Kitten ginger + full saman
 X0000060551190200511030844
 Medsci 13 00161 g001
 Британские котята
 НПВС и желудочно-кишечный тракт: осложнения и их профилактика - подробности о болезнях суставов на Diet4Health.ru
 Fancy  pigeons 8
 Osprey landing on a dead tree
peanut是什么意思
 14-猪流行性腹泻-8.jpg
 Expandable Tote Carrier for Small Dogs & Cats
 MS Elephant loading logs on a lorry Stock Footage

▶ _Task instructions_
Whatever appears in the listing above, write it down again exactly.

▶ _Answer area_
Kitten ginger + full saman
 X0000060551190200511030844
 Medsci 13 00161 g001
 Британские котята
 НПВС и желудочно-кишечный тракт: осложнения и их профилактика - подробности о болезнях суставов на Diet4Health.ru
 Fancy  pigeons 8
 Osprey landing on a dead tree
peanut是什么意思
 14-猪流行性腹泻-8.jpg
 Expandable Tote Carrier for Small Dogs & Cats
 MS Elephant loading logs on a lorry Stock Footage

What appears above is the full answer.